JAPAN: Back From the Dead?
Big companies are raking in profits. But fiscal woes could still derail the economy.

(FORTUNE Magazine) – ARNOLD SCHWARZENEGGER may have given up on competitive bodybuilding, but on a four-day trade mission to Tokyo earlier this month, the California governor displayed impressive marketing muscle. He led an Iron Chef cook-off at a lavish reception for Japanese dignitaries and journalists to showcase California-grown fruits, vegetables, and wines. He joshed with Prime Minister Junichiro Koizumi and noshed with the chief executives from Sony and Toyota. And at a party at the residence of U.S. Ambassador Howard Baker, Schwarzenegger--"Shuwa-chan," as he's called by Japanese fans--posed for photographs with Japan's rich and famous. The sales blitz culminated in a rally in posh Roppongi Hills, complete with a Terminator-esque stunt double who roared onstage astride a Harley. "Come to Kah-lee-foh-nia!" Schwarzenegger entreated the throng of Japanese admirers. "You will love it so much, I know yooool be baaaahk!"

And as the chorus of "Hotel California" swelled from the sound system and Schwarzenegger hurled BUY CALIFORNIA T-shirts into the squealing Japanese crowd, it was almost possible to imagine that Japan really was back--back to a time when Schwarzenegger's square-jawed visage dominated movie marquees everywhere, when the unstoppable cyborg he portrayed was everyone's favorite metaphor for the Japanese economy, and when governors from nearly every U.S. state made regular pilgrimages across the Pacific to stump for Japanese trade.

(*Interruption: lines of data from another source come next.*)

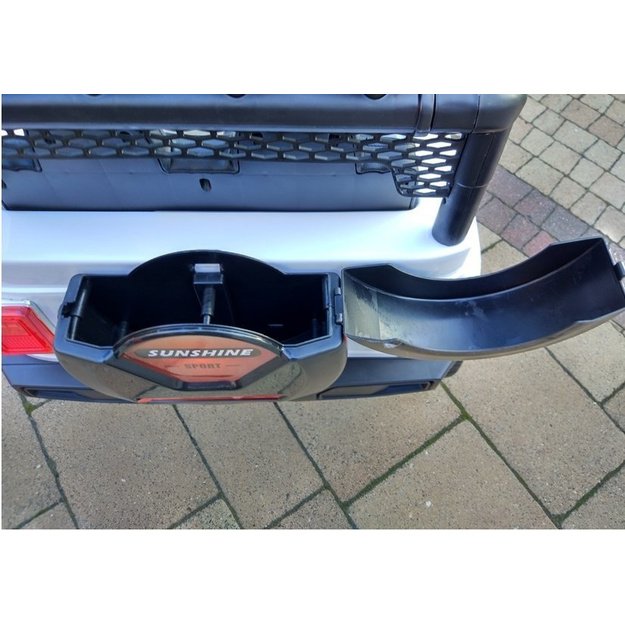 Ride on Car S2388 Jeep White 4x45W 12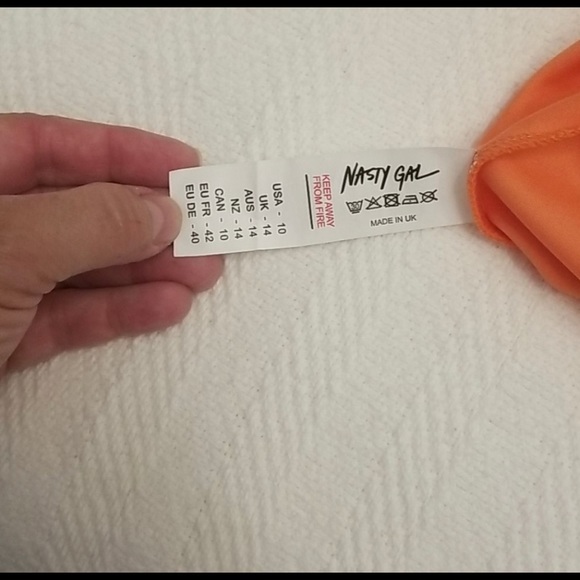 Nasty Gal dress size 10- worn once - Picture 3 of 3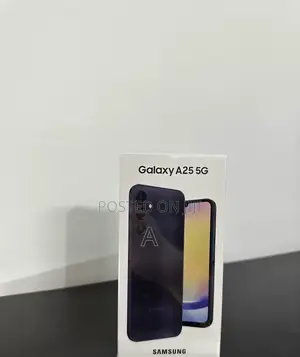 New Samsung Galaxy A25 256 GB Black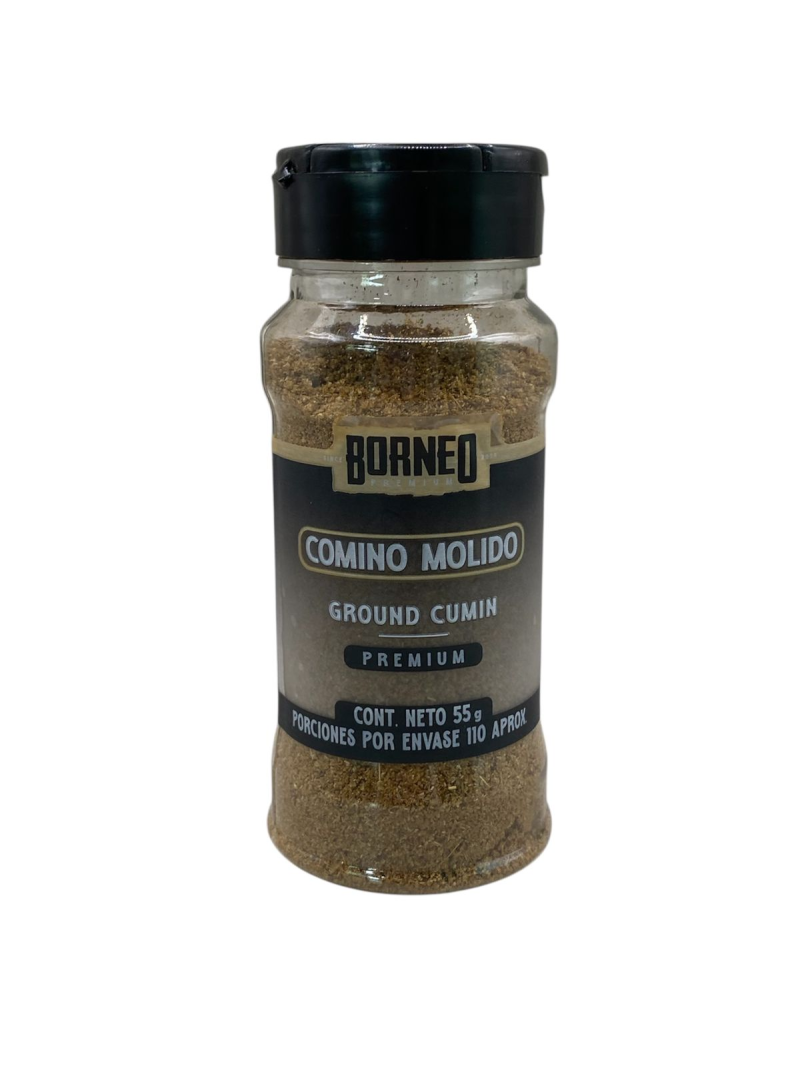 Comino Molido Pet Borneo X55 Gr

Would it were so. On Nov. 12, within hours of Shuwa-chan's meeting with Koizumi, statisticians from the Prime Minister's office announced that between July and September, Japan's economy expanded at a paltry annualized rate of 0.3%--far weaker than expected and a sharp decline from the first two quarters, in which the economy grew at annual rates of 6.3% and 1.1%, respectively. The punk third quarter dismayed overseas investors, many of whom six months ago rejoiced in the prospect of a Japanese renaissance. Some now fret that far from being back, the world's second-largest economy is in the throes of another false recovery--its fourth in just five years--and remains the girlie-man of the industrial world.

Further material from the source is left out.